Originally published in the Green Fire Times
Right now the 2012 Farm Bill, which I will refer to as the Food Bill, is under negotiation. Everyone who eats has a vested interest in the Food Bill. Why? Because we want to know where our food—our children’s and grandchildren’s food—comes from and how it is grown. There have been years of discussion as to how the Food Bill impacts all of the citizens of the world, the U.S. in particular. The 2012 Food Bill is a hugely important piece of legislation, evidenced in part by its size: with a budget of $288 billion, the Food Bill is the second-largest budget item in the United States, second only to the Department of Defense. It is the mechanism used to shape food policy in this country.
The U.S. Department of Agriculture (USDA) is the agency that manages all aspects of food production, food and nutrition programs, forestry, related research and education, as well as international trade policy. It also manages commodity programs, including the National School Lunch Program (NSLP), the Child and Adult Care Food Program (CACFP), and the Summer Food Service Program (SFSP). Nutritional programs (including food stamps) take up 70% of the budget, or $188 billion. The Food Bill is an omnibus bill that is passed every four years, though it sometimes takes longer, depending on Congress. The U.S. created its first form of a farm policy in the early 1930s to address job creation in rural areas. New legislation was introduced in 1936-1938 to address over/under production and protect farmers.

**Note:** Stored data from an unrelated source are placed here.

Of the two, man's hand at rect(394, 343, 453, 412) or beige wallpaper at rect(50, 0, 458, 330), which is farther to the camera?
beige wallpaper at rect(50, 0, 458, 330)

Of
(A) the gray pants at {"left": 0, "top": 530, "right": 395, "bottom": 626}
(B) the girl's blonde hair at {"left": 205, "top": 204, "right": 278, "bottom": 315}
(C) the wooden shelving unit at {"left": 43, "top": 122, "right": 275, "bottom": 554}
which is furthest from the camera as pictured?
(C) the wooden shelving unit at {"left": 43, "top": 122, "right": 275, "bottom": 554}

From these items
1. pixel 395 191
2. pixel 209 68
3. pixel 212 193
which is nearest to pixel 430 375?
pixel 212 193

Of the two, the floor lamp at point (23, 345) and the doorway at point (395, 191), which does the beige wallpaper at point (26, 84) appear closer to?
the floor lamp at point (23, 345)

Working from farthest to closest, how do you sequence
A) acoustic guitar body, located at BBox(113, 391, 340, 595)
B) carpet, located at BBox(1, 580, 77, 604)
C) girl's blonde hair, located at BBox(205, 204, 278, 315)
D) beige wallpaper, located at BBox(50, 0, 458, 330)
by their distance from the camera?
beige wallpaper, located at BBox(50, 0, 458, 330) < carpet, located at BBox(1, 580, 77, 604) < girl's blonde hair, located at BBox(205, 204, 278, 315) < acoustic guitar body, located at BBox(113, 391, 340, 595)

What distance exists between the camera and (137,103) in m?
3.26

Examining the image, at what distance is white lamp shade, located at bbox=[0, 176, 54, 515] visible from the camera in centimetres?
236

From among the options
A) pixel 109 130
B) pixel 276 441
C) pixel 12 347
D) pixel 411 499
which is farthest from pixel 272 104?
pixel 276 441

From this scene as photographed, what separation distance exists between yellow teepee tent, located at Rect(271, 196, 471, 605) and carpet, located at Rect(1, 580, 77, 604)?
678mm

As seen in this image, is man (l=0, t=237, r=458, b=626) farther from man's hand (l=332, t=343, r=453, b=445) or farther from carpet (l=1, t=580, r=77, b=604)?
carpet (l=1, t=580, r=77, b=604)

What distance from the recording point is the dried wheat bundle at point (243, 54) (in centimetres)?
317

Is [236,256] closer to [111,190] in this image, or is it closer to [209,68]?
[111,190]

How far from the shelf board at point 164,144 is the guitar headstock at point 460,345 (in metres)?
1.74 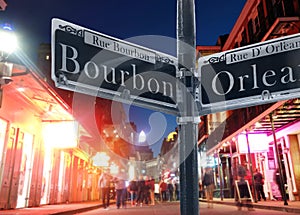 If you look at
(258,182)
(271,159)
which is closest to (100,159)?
(271,159)

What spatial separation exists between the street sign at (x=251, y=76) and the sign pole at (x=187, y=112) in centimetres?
18

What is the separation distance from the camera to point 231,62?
1.91 m

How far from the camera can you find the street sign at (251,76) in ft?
5.98

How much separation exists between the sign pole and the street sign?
0.18m

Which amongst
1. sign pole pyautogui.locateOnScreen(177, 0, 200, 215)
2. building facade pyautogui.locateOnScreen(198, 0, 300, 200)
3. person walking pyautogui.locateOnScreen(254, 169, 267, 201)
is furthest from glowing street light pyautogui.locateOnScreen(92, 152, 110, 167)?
sign pole pyautogui.locateOnScreen(177, 0, 200, 215)

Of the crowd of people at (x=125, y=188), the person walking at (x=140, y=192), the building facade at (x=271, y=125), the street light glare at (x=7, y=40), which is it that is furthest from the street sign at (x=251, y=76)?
the person walking at (x=140, y=192)

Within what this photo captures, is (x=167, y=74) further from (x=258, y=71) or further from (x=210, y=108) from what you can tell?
(x=258, y=71)

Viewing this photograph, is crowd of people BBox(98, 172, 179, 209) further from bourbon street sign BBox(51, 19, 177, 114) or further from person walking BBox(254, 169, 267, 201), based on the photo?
bourbon street sign BBox(51, 19, 177, 114)

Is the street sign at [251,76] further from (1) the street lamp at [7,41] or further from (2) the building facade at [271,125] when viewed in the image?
(2) the building facade at [271,125]

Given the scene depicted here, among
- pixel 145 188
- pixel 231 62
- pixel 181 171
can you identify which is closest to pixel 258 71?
pixel 231 62

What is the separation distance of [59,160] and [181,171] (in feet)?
58.4

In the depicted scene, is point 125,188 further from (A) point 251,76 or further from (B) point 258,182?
(A) point 251,76

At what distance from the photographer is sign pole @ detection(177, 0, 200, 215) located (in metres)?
1.49

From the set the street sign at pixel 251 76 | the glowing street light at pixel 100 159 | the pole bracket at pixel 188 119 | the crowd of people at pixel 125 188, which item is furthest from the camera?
the glowing street light at pixel 100 159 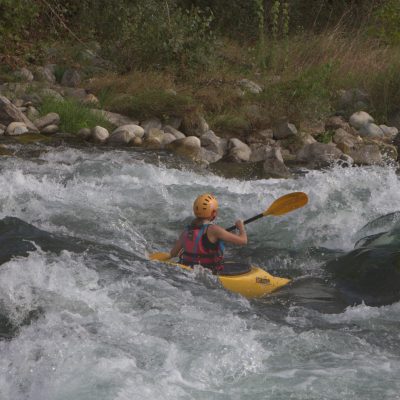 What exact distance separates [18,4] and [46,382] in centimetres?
940

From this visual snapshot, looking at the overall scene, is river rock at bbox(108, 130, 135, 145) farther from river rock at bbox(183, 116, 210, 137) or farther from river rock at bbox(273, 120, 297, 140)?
river rock at bbox(273, 120, 297, 140)

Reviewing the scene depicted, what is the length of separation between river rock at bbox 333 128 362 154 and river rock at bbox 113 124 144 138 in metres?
2.64

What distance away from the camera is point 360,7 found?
15.6 meters

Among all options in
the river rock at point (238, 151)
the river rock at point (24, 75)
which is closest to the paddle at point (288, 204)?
the river rock at point (238, 151)

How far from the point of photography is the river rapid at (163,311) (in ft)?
12.4

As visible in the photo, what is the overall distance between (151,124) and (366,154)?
9.41ft

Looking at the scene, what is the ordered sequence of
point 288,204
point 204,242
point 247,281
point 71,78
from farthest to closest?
point 71,78 → point 288,204 → point 204,242 → point 247,281

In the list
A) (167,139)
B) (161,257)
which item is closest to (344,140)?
(167,139)

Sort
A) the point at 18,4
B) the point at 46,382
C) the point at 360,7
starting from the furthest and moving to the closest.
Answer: the point at 360,7, the point at 18,4, the point at 46,382

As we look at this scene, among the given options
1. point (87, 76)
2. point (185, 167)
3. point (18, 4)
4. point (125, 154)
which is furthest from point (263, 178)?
point (18, 4)

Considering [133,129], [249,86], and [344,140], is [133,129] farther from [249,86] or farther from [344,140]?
[344,140]

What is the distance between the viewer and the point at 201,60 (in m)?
12.1

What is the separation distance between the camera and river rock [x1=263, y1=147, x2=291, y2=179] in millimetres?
9328

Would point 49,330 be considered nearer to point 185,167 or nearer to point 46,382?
point 46,382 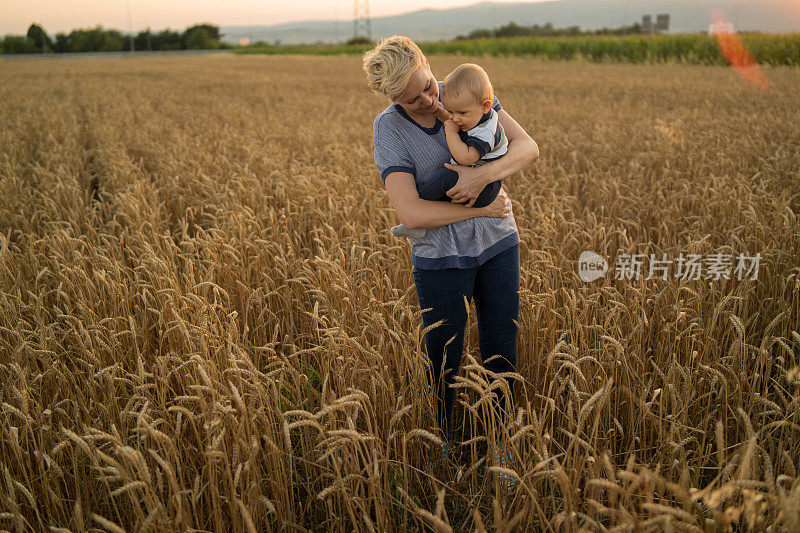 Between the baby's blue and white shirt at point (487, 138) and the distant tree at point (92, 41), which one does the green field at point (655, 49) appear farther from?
the distant tree at point (92, 41)

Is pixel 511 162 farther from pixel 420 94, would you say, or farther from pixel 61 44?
pixel 61 44

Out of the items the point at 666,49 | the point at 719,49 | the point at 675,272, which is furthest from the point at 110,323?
the point at 666,49

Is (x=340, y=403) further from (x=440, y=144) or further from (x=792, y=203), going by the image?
(x=792, y=203)

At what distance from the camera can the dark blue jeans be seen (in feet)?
7.16

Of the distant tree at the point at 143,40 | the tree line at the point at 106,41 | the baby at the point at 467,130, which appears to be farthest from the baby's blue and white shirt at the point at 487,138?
the distant tree at the point at 143,40

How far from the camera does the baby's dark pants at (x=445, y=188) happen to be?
2.03m

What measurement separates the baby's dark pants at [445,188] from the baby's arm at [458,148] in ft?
0.20

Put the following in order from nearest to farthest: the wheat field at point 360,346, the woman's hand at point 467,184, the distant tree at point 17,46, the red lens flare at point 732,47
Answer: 1. the wheat field at point 360,346
2. the woman's hand at point 467,184
3. the red lens flare at point 732,47
4. the distant tree at point 17,46

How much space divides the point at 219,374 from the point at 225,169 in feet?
13.7

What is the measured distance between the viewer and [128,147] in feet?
25.2

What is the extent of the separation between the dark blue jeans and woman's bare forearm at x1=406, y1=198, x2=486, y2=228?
0.20 meters

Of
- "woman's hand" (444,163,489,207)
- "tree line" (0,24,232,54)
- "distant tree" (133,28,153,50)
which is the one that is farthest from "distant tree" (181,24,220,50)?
"woman's hand" (444,163,489,207)

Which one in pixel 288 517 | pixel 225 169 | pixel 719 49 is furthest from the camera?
pixel 719 49

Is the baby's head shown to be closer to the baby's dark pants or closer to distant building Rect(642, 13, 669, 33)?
the baby's dark pants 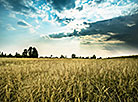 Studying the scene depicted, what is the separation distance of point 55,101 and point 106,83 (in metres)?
1.45

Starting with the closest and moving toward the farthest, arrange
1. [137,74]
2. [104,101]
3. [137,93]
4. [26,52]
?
[104,101], [137,93], [137,74], [26,52]

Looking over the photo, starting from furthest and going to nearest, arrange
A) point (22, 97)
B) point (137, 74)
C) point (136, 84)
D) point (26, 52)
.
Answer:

The food bill has a large impact on what every person in this country—and many other consumers around the globe—eat. However, the bill is being decided by a select few. Several members of Congress have been appointed to the Agriculture Committee from key agriculture states. These states have large agriculture economies based on agri-business approaches, follow the philosophy of “larger is better” and concentrate on large-scale food production for the purpose of efficiency. If a few senators and representatives with economic interests get to decide what we eat and how it is grown, it seems unlikely that the decisions made about our country’s food production will take our diets and health into consideration.